The degree of a node is its number of neighbors. It is one of the simplest metrics in a network, yet it always provides useful information. Hubs in a network are nodes with a high degree. We distinguish between InDegree and OutDegree for directed networks, and link weights can be considered in the computation. In the latter case, the degree is not necessarily an integer number.
The following picture shows the degree of the nodes of the well known social network Zachary’s Karate Club. Node size and color warmth represent the degree of each node. We can clearly identify the two most popular nodes in this network.
Node betweenness is a number in the [0, 1] interval equal to the fraction of all the shortest paths in the network that pass through that node. A value close to 1 indicates that the node has a key role in the transmission of information across the network. Nodes with high betweenness, if removed, reduce noticeably the rate of spreading phenomena. A link property considered as distance and parallel edges can be taken into account in the shortest paths calculation.
Similarly, we define the link betweenness as the number of shortest paths that include that link, ranking the links according to their ability to transmit information. Since their computation is very similar, node and link betweenness are calculated together.
The following plot shows the node betweenness for a social network. It identifies (surrounded by a black dashed line) ego nodes that are in the center of a community, and bridge nodes (surrounded by a pink line) that act as bridges between different groups of people. Those are the key nodes in terms of gossip spreading and ability to introduce unknown people.
The next picture shows the same network with the links colored according to their betweenness values. Blueindicates low values (the majority of them), while red highlights the most important links according to betweenness. We may interpret them as the most important channels for information transmission.
Measures the mean distance from a node to all remaining nodes. It is a non-normalized quantity. A high value of closeness centrality indicates that the node is a central node of the network, i.e. it can be reached easily from most of the other nodes. Parallel edges are allowed and may be used in the geodesic distance calculation. A link property, considered as distance can be taken into account in the calculation of the distances.

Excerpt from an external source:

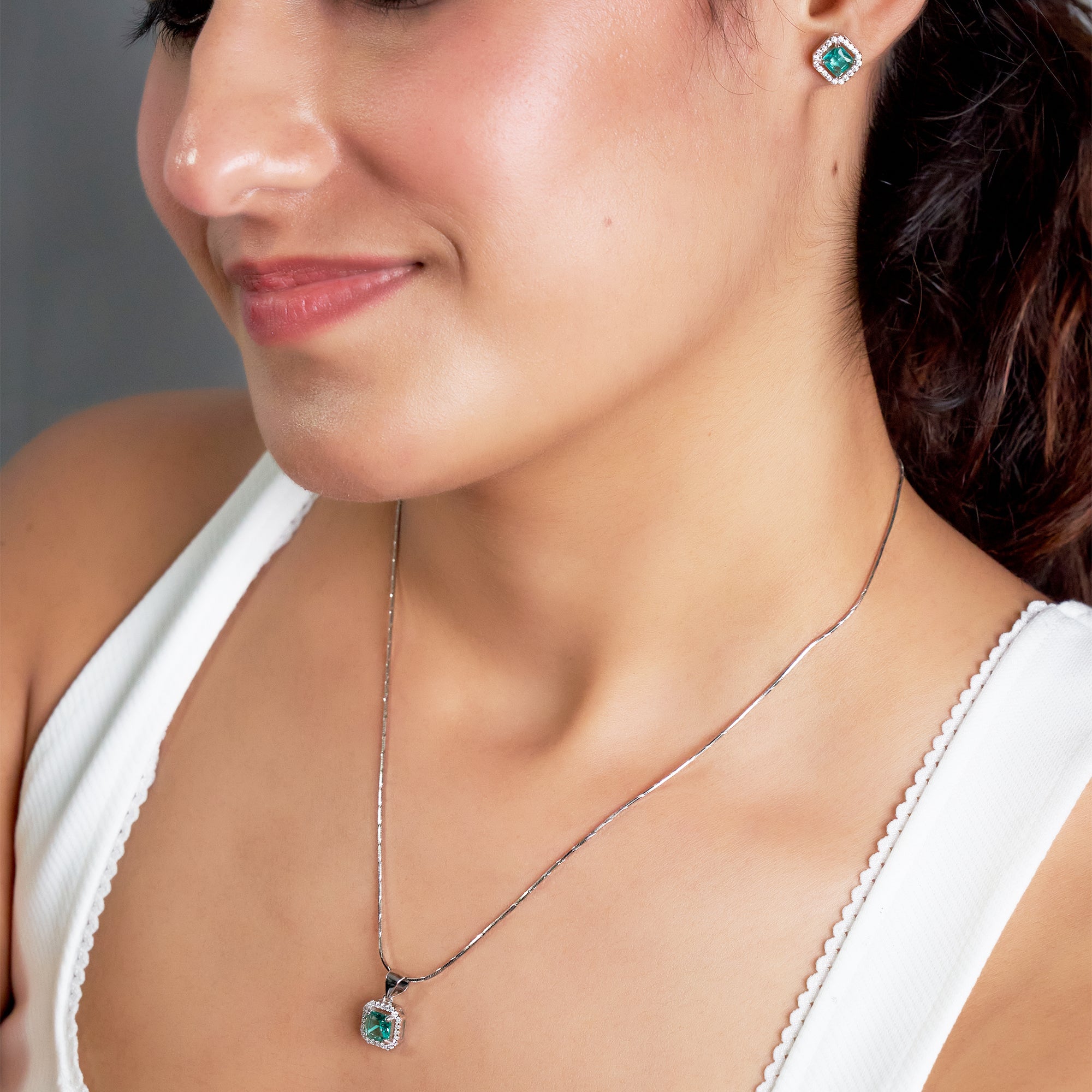 Silver Victorian royal Emerald green Pendant set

The next plot shows closeness centrality for a little network, where small values are colored in blue and large values in yellow/red. We can easily identify the most central node, which would be the best-connected person in the network. For example, marketing strategies that start on him will spread very fast compared with other starting nodes.
Finds a network partition that maximizes the modularity using an agglomerative procedure. A community is a set of nodes with more edges inside than connections with other communities. Since the problem of modularity maximization is NP-complete, the Louvain method is not guaranteed to obtain the absolute maximum, but usually gives a good approximation to the optimal value. this method is one of the most advanced algorithms available on community detection, both for its performance and the quality of its results.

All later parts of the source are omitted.